*** Opening of Exercise data ***

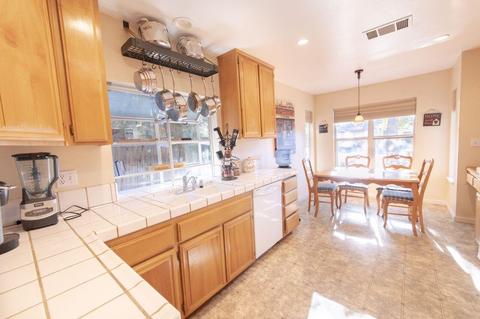 824 La Coruno St, Davis, CA 95618 photo 7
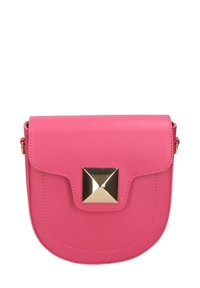 Borsa a tracolla in pelle sintetica rosa con patta, caratterizzata da un accento in metallo dorato a forma di piramide sul davanti e dettagli cuciti lungo i bordi.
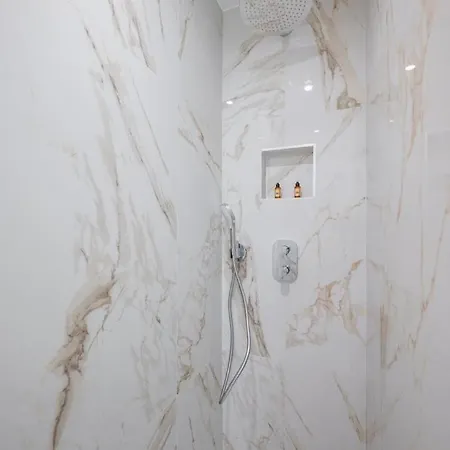 公寓 Le Coq Bleu D'azur- Piscine - Parking - Ac -wifi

*** Close of Exercise data ***

Activity :: Please copy the data above character for character, skipping any pictures.

Task answer ::
 824 La Coruno St, Davis, CA 95618 photo 7
 Borsa a tracolla in pelle sintetica rosa con patta, caratterizzata da un accento in metallo dorato a forma di piramide sul davanti e dettagli cuciti lungo i bordi.
 公寓 Le Coq Bleu D'azur- Piscine - Parking - Ac -wifi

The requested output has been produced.